Shared Methylation Regions (SMRs): a New Method in Comparative Epigenetics Used to Create a Multispecies Piscine Epigenetic Clock

Student: 
Gabriel Ecker-Eckhofen

Epigenetic clocks provide a powerful tool for estimating age in species by examining DNA methylation markers. This study introduces a novel method in comparative epigenetics to identify such markers, utilizing what we define as shared methylation regions (SMRs). Based on SMRs, we developed the first multispecies piscine epigenetic clock. This clock predicted chronological age across four teleost species with notable accuracy and precision (R = 0.8608, mean absolute error (MAE) = 0.9954 years).
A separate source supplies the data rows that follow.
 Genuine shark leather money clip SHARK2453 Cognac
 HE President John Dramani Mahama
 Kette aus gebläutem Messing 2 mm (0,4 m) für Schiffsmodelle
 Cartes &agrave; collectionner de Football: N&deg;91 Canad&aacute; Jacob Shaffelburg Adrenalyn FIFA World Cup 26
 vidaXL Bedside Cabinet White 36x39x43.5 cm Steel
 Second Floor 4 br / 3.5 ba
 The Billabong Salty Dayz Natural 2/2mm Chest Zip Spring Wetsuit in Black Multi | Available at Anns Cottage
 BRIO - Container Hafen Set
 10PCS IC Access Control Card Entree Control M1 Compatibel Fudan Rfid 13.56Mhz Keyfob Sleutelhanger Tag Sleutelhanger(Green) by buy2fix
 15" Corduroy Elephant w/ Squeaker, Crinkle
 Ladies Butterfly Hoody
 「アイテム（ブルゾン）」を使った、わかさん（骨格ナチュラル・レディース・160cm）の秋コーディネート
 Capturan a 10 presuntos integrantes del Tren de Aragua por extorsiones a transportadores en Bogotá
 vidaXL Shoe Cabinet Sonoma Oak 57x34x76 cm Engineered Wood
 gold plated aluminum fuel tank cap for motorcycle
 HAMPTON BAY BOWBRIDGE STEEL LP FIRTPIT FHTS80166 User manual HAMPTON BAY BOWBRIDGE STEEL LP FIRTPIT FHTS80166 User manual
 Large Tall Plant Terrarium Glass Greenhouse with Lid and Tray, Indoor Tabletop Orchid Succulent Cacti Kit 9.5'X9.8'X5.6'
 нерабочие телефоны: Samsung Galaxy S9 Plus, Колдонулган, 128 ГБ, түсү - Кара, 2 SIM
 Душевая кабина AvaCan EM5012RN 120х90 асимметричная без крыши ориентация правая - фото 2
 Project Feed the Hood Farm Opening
The species included (samples = 371, age range = 0-11.4 years) cover three taxonomic orders. Notably, these detected conserved methylation regions may serve as putative candidates for ageing research. Further, we tested the model’s potential application for chronological age estimation with a leave-one-species-out analysis and, despite lower performance, the model was capable of roughly estimating age in unseen species. Additionally, a separate clock was created which predicted relative age (relative to the maximum lifespan) for the same samples (R = 0.7578, MAE = 0.0367), suggesting a shared methylation pattern for biological ageing mechanisms across species. Both models are useful applied tools for fisheries management and conservation efforts. Furthermore, SMRs provide new means for comparative studies in epigenetics and enhance our understanding of conserved age-associated methylation patterns.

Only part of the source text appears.